Judge Juan Torruella, Boston
Flipping off the ghost of John Peter Zenger
Andrew Hamilton, the great Colonial-era lawyer, would have been appalled by Judge JUAN TORRUELLA.
It was Hamilton, at the 1735 trial of New-York Weekly Journal publisher John Peter Zenger, who put forward the then-revolutionary notion that no one should be convicted of libel for "speaking and writing truth." And it is Torruella, 274 years later, who now seeks to undo that historic principle.
Torruella, who sits on the US Court of Appeals for the First Circuit, in Boston, ruled in February on behalf of a three-judge panel that a libel suit brought against the office-supply giant Staples could proceed. Alan Noonan, a former sales director at the company, had sued Staples because his supervisor sent an e-mail to some 1500 employees revealing that Noonan had been fired for violating the company's expense-report policy.

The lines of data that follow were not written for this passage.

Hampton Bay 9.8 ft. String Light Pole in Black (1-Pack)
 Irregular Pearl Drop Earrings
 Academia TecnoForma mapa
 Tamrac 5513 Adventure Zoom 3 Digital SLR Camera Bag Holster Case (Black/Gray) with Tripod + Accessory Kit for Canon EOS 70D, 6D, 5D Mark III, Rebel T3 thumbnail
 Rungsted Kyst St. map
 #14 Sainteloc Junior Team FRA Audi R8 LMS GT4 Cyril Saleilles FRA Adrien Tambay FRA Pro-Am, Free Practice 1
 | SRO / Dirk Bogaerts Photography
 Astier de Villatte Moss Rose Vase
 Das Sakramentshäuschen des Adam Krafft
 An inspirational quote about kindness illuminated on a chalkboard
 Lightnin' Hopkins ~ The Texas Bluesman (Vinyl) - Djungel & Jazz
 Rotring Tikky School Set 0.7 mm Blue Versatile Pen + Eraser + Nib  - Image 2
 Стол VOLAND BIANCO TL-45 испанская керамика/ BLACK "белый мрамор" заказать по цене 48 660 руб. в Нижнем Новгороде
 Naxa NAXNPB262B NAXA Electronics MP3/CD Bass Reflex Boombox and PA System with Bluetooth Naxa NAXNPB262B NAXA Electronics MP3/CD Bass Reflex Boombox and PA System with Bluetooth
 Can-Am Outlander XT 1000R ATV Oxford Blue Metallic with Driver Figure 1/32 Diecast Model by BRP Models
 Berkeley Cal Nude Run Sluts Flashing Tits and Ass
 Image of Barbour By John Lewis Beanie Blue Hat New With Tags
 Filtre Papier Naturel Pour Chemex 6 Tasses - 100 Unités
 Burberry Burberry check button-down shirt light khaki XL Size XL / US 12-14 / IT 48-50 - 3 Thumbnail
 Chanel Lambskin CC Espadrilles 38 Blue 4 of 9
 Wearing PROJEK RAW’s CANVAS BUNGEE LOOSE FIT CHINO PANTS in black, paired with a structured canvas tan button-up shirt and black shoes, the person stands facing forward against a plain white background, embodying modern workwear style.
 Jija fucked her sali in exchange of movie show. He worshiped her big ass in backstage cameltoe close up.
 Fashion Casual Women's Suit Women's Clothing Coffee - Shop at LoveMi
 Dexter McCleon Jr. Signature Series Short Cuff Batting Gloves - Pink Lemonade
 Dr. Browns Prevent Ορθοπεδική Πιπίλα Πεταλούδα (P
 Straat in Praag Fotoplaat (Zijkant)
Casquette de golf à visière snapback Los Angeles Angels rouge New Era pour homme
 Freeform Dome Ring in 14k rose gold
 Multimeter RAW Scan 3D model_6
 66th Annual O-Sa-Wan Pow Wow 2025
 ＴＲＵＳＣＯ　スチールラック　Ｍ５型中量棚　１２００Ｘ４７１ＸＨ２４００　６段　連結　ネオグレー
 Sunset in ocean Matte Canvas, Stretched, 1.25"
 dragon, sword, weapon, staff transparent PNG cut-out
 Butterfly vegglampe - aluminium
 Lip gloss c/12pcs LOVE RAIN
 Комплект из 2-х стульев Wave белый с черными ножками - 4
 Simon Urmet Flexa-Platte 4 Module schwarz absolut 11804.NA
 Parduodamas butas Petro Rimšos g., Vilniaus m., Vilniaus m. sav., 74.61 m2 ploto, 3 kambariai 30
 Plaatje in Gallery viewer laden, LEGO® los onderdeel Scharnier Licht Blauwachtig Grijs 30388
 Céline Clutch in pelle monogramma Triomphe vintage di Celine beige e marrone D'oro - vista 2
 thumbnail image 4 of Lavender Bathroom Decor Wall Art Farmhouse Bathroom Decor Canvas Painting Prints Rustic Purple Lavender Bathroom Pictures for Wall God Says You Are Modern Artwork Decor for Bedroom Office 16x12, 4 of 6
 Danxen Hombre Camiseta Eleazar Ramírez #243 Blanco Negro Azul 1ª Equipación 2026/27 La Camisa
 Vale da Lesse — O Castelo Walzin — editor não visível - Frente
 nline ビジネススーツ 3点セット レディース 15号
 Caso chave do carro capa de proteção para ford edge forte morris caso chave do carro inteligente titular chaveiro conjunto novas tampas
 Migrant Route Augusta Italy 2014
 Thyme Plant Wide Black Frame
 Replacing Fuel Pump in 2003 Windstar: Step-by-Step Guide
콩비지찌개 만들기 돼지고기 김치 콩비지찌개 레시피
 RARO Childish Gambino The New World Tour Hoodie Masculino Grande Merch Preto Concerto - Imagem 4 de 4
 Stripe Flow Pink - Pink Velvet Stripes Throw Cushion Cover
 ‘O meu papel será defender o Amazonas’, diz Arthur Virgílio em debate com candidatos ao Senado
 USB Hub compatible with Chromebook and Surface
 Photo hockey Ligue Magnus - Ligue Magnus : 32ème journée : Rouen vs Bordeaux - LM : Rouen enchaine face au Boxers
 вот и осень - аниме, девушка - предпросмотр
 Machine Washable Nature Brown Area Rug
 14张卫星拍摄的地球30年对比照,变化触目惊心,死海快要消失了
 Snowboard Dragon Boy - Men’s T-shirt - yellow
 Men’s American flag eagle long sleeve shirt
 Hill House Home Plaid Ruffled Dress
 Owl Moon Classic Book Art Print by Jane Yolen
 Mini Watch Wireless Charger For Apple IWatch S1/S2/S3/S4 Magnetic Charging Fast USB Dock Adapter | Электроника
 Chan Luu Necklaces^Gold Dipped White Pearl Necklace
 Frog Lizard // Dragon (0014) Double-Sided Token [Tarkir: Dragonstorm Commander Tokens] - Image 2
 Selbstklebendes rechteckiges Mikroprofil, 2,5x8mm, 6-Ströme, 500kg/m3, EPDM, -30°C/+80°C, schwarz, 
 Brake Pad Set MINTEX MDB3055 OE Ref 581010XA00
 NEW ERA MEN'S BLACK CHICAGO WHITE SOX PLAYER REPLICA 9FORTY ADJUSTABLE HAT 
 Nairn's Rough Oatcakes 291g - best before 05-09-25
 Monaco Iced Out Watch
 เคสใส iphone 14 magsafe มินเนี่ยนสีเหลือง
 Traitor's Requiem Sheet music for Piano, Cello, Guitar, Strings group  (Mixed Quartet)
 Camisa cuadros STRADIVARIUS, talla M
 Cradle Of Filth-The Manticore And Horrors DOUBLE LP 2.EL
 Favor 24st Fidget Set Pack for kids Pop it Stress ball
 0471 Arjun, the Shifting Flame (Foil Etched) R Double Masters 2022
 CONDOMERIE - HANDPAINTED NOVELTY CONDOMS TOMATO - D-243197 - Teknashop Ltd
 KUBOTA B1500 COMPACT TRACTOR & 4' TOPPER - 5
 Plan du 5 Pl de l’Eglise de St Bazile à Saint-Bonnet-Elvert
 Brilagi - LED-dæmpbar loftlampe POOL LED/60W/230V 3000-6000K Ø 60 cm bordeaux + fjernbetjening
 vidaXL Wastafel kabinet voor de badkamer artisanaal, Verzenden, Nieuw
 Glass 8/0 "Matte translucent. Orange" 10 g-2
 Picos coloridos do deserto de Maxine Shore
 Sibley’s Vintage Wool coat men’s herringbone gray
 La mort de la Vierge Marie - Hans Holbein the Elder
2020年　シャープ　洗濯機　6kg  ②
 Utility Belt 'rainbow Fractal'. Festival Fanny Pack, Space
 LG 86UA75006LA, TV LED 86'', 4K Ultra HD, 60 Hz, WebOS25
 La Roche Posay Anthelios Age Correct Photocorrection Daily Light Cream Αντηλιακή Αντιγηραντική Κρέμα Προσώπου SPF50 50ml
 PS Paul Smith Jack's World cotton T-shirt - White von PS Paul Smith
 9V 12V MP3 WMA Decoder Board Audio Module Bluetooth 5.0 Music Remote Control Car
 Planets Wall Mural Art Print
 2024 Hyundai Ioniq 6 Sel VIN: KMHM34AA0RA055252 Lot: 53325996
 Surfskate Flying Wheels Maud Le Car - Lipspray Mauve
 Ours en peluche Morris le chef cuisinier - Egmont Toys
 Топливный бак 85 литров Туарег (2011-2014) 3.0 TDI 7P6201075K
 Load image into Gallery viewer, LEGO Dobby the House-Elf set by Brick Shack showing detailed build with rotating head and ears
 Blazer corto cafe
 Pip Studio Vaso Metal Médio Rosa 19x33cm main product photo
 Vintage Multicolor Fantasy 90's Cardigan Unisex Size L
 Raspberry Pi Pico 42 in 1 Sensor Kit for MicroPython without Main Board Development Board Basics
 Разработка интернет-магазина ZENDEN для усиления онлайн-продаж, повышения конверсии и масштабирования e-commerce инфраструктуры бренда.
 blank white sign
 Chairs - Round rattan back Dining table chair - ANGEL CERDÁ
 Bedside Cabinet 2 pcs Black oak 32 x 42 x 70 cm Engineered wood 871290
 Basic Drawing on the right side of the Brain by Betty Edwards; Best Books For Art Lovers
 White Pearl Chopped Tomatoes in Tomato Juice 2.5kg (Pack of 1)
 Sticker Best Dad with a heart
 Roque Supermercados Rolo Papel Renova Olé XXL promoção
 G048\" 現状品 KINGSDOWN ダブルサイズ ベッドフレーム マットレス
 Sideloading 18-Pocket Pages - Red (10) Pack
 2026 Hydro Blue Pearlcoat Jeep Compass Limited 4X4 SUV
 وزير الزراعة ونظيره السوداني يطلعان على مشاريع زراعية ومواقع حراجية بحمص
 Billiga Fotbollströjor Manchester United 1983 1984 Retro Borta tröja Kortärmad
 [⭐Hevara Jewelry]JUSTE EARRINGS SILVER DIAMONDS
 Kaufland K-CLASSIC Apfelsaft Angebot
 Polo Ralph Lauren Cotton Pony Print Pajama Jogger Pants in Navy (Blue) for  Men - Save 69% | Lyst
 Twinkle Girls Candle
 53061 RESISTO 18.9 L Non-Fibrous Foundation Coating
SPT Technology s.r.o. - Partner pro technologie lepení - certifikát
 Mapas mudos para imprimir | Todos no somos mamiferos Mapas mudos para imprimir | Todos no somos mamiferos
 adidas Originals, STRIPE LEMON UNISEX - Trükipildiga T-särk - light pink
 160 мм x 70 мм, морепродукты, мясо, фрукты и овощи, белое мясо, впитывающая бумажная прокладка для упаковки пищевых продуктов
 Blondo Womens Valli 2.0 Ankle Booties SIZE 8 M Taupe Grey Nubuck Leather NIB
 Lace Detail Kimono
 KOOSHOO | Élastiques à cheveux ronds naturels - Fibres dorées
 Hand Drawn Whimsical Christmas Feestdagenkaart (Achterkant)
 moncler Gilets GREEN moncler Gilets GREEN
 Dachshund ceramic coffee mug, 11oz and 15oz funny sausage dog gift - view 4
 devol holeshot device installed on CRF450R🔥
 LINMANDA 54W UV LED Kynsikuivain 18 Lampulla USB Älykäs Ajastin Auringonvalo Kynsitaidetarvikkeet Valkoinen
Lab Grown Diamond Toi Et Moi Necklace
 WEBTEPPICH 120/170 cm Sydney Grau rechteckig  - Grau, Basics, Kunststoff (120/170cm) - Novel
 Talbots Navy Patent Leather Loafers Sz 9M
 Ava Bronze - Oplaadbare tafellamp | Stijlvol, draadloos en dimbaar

In explaining his decision, Torruella wrote that, though the contents of the e-mail were true, Noonan's suit should move forward because of a 1902 Massachusetts law, which held that a true statement could be found libelous if it had been made with "actual malice." Never mind that, since the US Supreme Court's Times v. Sullivan ruling in 1964, the phrase "actual malice" pertains only to defamatory statements that are knowingly false or made with "reckless disregard" for the truth. Torruella said he had to follow the 1902 meaning, which he defined as "ill will" or "malevolent intent."
The notion that truth is an absolute defense in a libel suit is well established, and crucial to the functioning of a free press. The Supreme Court has held that even a private figure such as Noonan must prove defamation, falsity, and negligence in order to prevail in a libel action. No wonder Robert Ambrogi, a First Amendment lawyer and executive director of the Massachusetts Newspaper Publishers Association, called Torruella's ruling "the most dangerous libel decision in decades."
Back in 1735, Hamilton lost his argument but won his case, as the jury ignored Chief Justice James Delancey's instructions and acquitted Zenger of charges that he had libeled Governor William Cosby. If only Judge Torruella's wrong-headed ruling could be so easily cast aside.